Without further ado, I now introduce you to my latest presumptive acquisitions:


The first piece is from a place called Julich-Cleves-Berg. It was a personal union of two reichsfrei duchies of the Holy Roman Empire. It was located in what is now the German state of North Rhine-Westphalia and the Dutch province of Gelderland.


At the time of this coin's minting, the union was wealthy and lead by the Duke William the Rich. Scarcely over a hundred years later, the territory became absorbed by Prussia and became the seed of the future Prussian Rhineland.


Some may recall that one of the wives of Henry VIII of England was Anne of Cleves. Then, as now, the area was wealthy.





The second piece is from Upper Alsace, from two abbeys Murbach and Luders founded in the 8th century that since almost their inception had a common ruling abbot. They had been minting coins since the 12th century, but were officially granted permission in 1544. The obverse is of Saint Leodegar, whose martyrdom in the 7th century and subsequent canonization was mainly due to political concerns.

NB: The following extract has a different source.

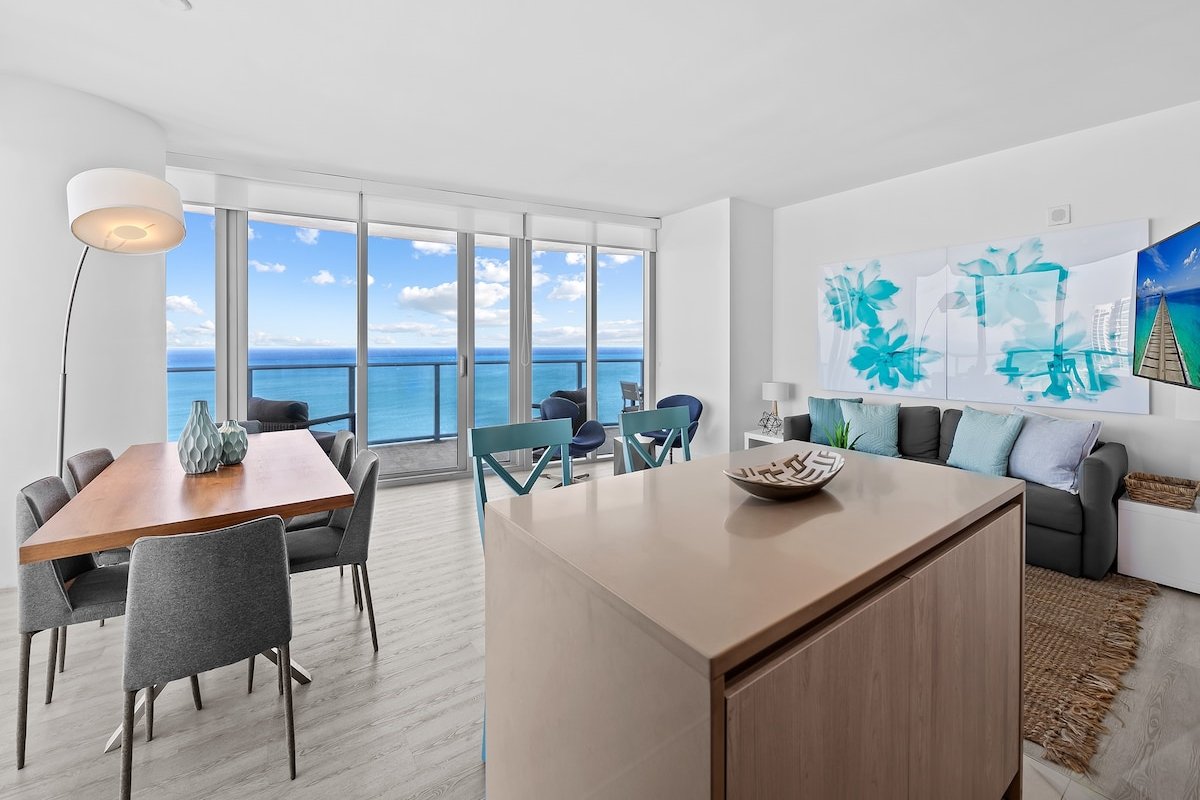 2/2 Stunning Ocean Front gallery image 2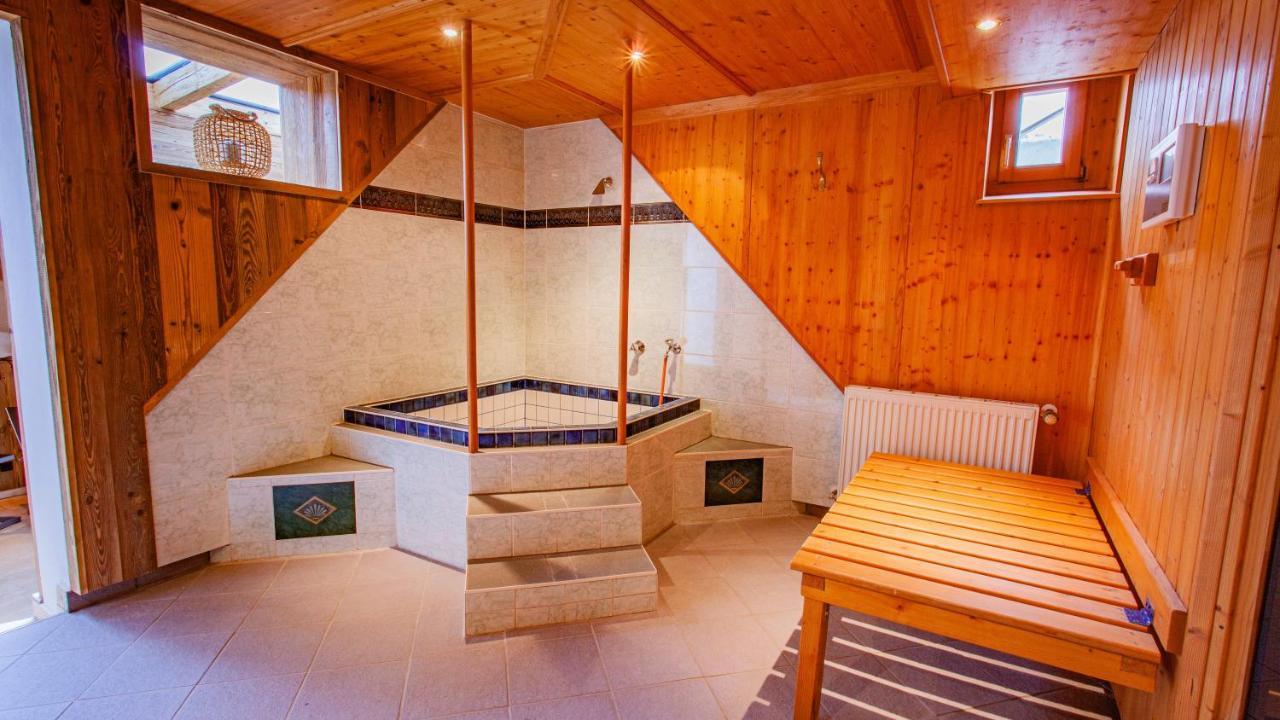 Gaestehaus Hartweger ภายนอก รูปภาพ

A lovely specimen, and scarce too. (This was the piece that I really wanted; one of my university degrees is History, and one of my interests was medieval Church history. Those of you with an interest in both IT and medieval Church history might appreciate this: long ago I once supported a Sun server hosting NFS shares via PC-NFS to a bunch of Windows boxes. I named that Sun server 'manichee'. :D )





The final piece is from Sachsen-Weimar-Eisenach, with a modest mintage of only 1,875 (or so I am told by my pusher/dealer).


The territory was named Sachsen-Eisenach until its line became extinct with the passing of its duke. In 1741, its possessions reverted to Sachsen-Weimar and henceforth known by all three places. (The Germans love to hyphenate!) In 1763, the duke was a young Karl August whose regent was his mother Anna Amalia of Brunswick (depicted on the obverse).


(The mintmark, FS, denotes Friedrich Siegmund Schafer who was the mint master in Eisenach from 1755-76.)